The town and Lake will have another shot at getting the bill through next year. In the meantime, they could bolster their case that a merger is what the majority of residents want by holding an official vote. 

Opponents to the merger bent the ear of conservative legislators with complaints that the merger was being foisted upon unwilling property owners.

“I just know mostly in my heart they do not need to be annexed. It will only be the thumb on Waynesville and not the Lake Junaluska Assembly,” said Rep. Michele Presnell, R-Burnsville.

Presnell said she thinks Lake Junaluska should incorporate as its own town instead of become part of Waynesville.
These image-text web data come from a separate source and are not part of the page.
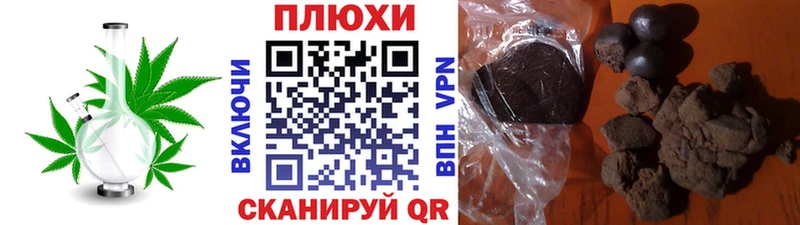 закладки  Темрюк  kraken ссылка  Гашиш Изолятор 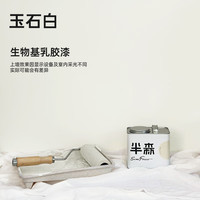 半森 生物基乳胶漆7天住pro 玉石白 2.5L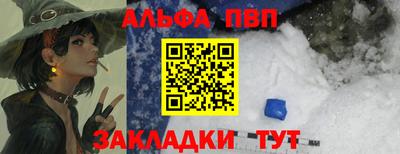 кокаин перу Можга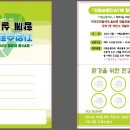 장위1동주민센터 이미지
However, in property owner surveys that option got fewer votes than merging with Waynesville.

Raleigh’s new Republican majority is generally opposed to the annexation of new neighborhoods by cities and towns unless a rigorous process is followed, including an official election to gauge the sentiment of residents.

But the town of Waynesville and Lake Junaluska didn’t go through the official process. Instead, they tried to get a special bill passed, which made sense at the time.

“Our board has been very clear about not wanting to appear that it is undertaking a forced annexation process,” said Town Manager Marcy Oneial.

To Presnell, however, it seemed the town of Waynesville and Lake Junaluska tried to make an “end run” around the official annexation process.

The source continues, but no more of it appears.